Segundo, la función de la infraestructura institucional. Muchos problemas se resuelven cuando el Estado interviene con inteligencia. Las casas ya no se incendian como antes, en parte porque existen códigos de edificación y cuerpos de bomberos. Del mismo modo, los desafíos de la IA requieren nuevas instituciones: desde agencias de regulación hasta marcos legales que protejan derechos sin frenar la innovación. Y tercero, el dinamismo de la cultura democrática. La IA también plantea dilemas éticos y culturales. ¿Qué significa ser humano en un mundo donde las máquinas escriben, pintan, componen música o diagnostican enfermedades? ¿Cómo se preserva la autonomía individual frente a algoritmos que predicen comportamientos? La política no puede delegar estas preguntas en tecnólogos o empresarios. Debe liderar el debate.
Uno de los mayores obstáculos para una política seria sobre IA es el cortoplacismo. En un sistema donde los incentivos están puestos en la próxima elección, pensar en los efectos de largo plazo de la automatización o en la sostenibilidad del sistema previsional parece un lujo. Pero no lo es. Es una necesidad urgente. La IA no solo amenaza con reemplazar empleos. También puede erosionar la base tributaria sobre la que se sostienen los servicios públicos.
Si el trabajo humano pierde valor económico, ¿cómo se financian la educación, la salud, la seguridad? ¿Qué pasa con el sistema jubilatorio si los aportes caen mientras la esperanza de vida aumenta? Estas preguntas no tienen respuestas simples, pero deben ser parte del debate político. Ignorarlas es condenar a la política a la irrelevancia. La política podría pensar la IA como herramienta para superar problemas sociales, de crisis climática, de datos para la función social, pero también debe pensar cómo financiarla. Lejos de caer en el catastrofismo, este escenario puede ser una oportunidad para repensar el rol del Estado, la estructura tributaria, el sistema educativo y el modelo de desarrollo.

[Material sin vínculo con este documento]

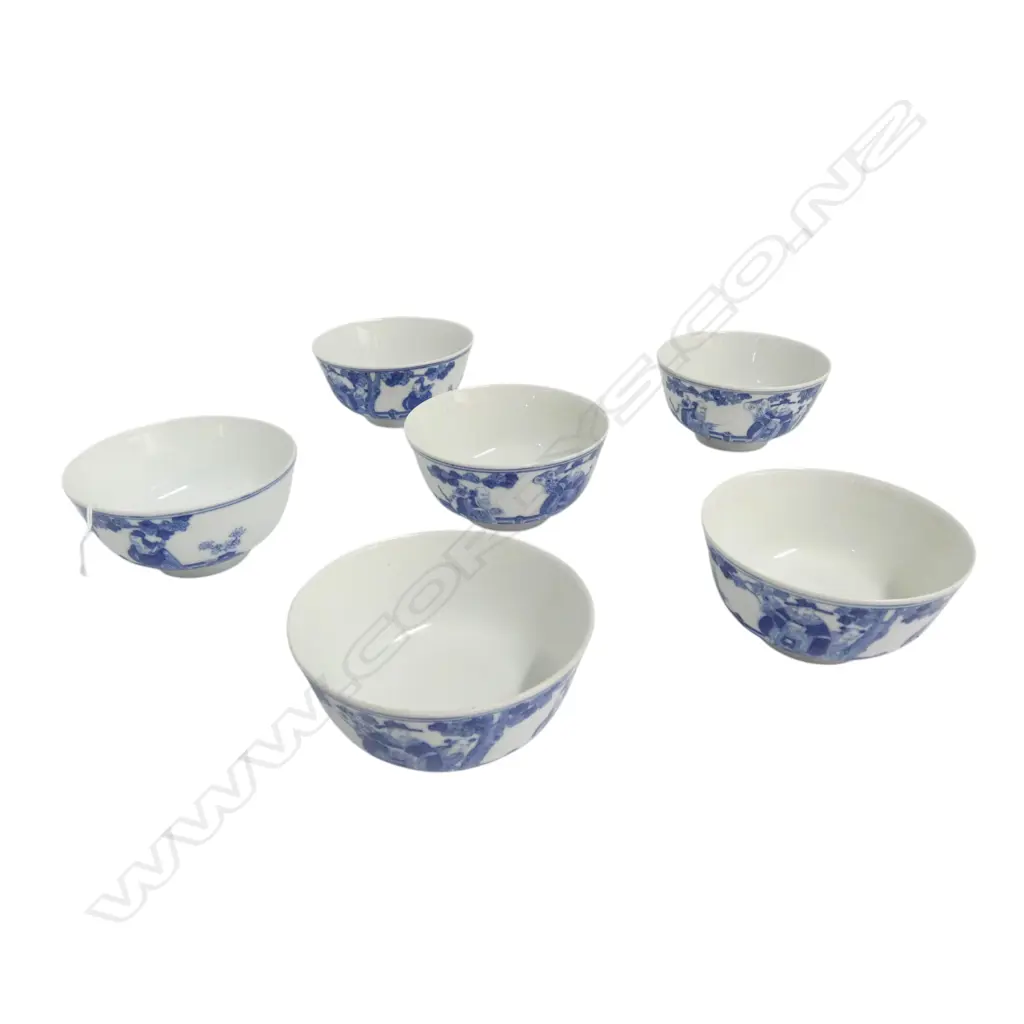 6 CHINESE PORCELAIN QIANLONG MARKED probably later B & W BOWLS with scholars Dia.115mm. Image 1++
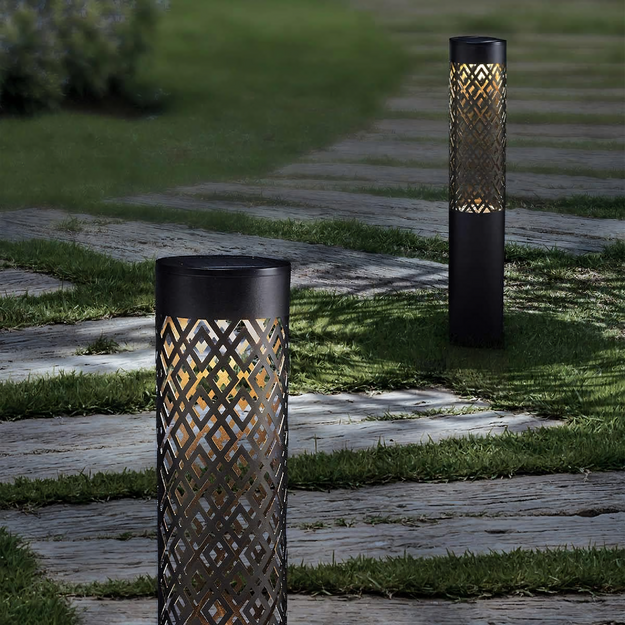 Saulės energija varomas sodo šviestuvas, stulpas, 71 cm, dekoratyvinis žibintas, 2 vnt.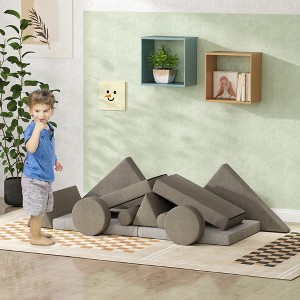 Angel Sar 12 Piece Nugget-Style Play Couch for Kids, Convertible Foam Furniture Set for Climbing, Lounging & Fort Building, Khaki - 1 of 4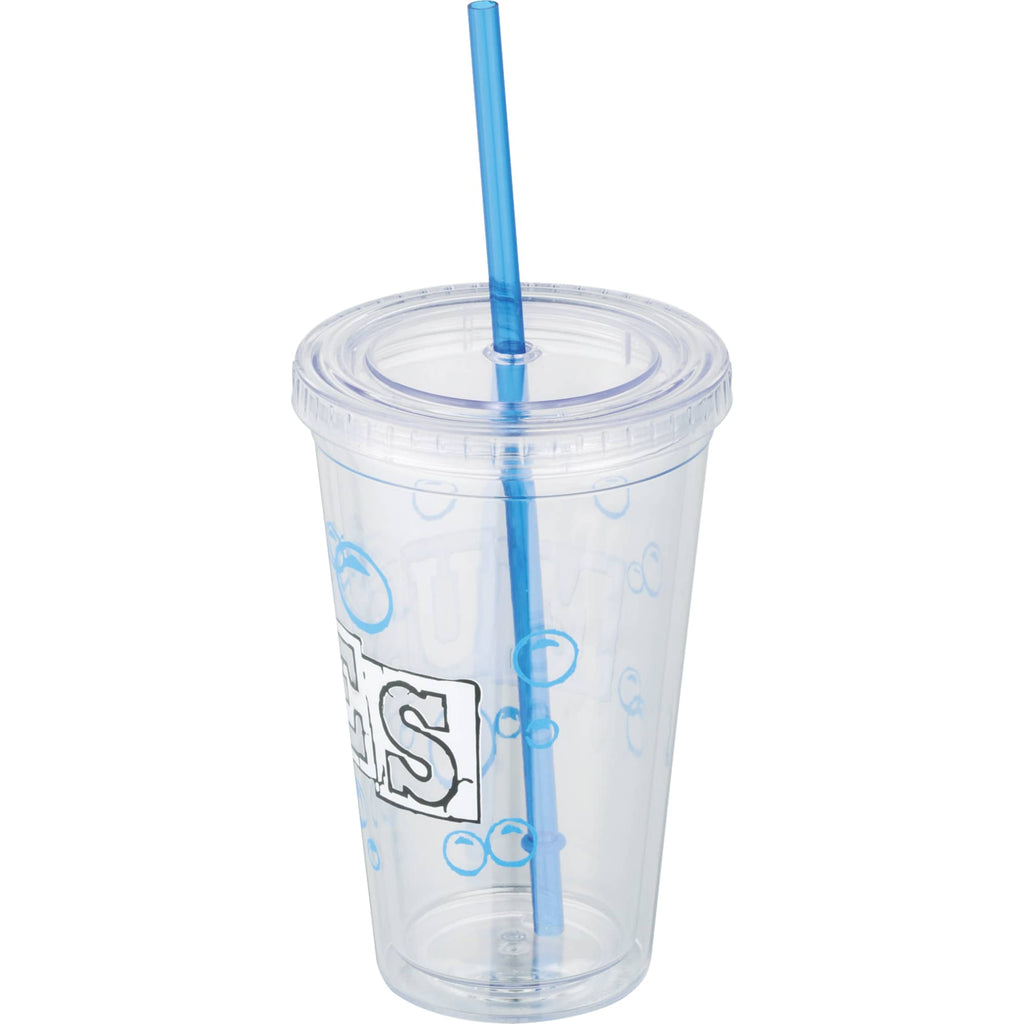 Sedici Double Wall Tumbler with Straw, 16 oz - Clear - Photo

Pero para eso se necesita algo que escasea: pensamiento flexible, capacidad de anticipación y voluntad de construir consensos.
En lugar de repetir recetas del pasado, como aumentar aranceles o subsidiar sectores sin futuro, es el momento de diseñar políticas que acompañen la transición tecnológica y climática con énfasis del impacto hacia la sociedad, no hacia las utilidades de dos empresas de chips. Esto implica, por ejemplo, repensar el sistema impositivo para gravar el capital automatizado, invertir en formación continua para los trabajadores desplazados y garantizar un piso de derechos en un mundo laboral más fragmentado.
También implica revisar regulaciones urbanas, energéticas y ambientales que hoy obstaculizan el despliegue eficiente de tecnologías como los centros de datos. Y, sobre todo, implica asumir que el futuro no está escrito: depende de las decisiones que tomemos hoy.
La política no puede seguir mirando para otro lado. Si no se involucra activamente en el debate sobre la IA, corre el riesgo de volverse irrelevante. Y una política irrelevante es el preludio de una democracia debilitada. No se trata de elegir entre progreso o retroceso, entre tecnología o humanidad. Se trata de construir un futuro donde el progreso tecnológico esté al servicio de una sociedad más justa, más libre y digna. Para eso, necesitamos dirigentes que no solo entiendan de votos, sino también de tecnología. Es por eso, también, que la motosierra contra la educación pública y la ciencia, develan la incapacidad de entender el momento y pensar el futuro. La política es la capacidad de representar y gestionar el bien común. Sería momento de que la IA sea parte de ese debate.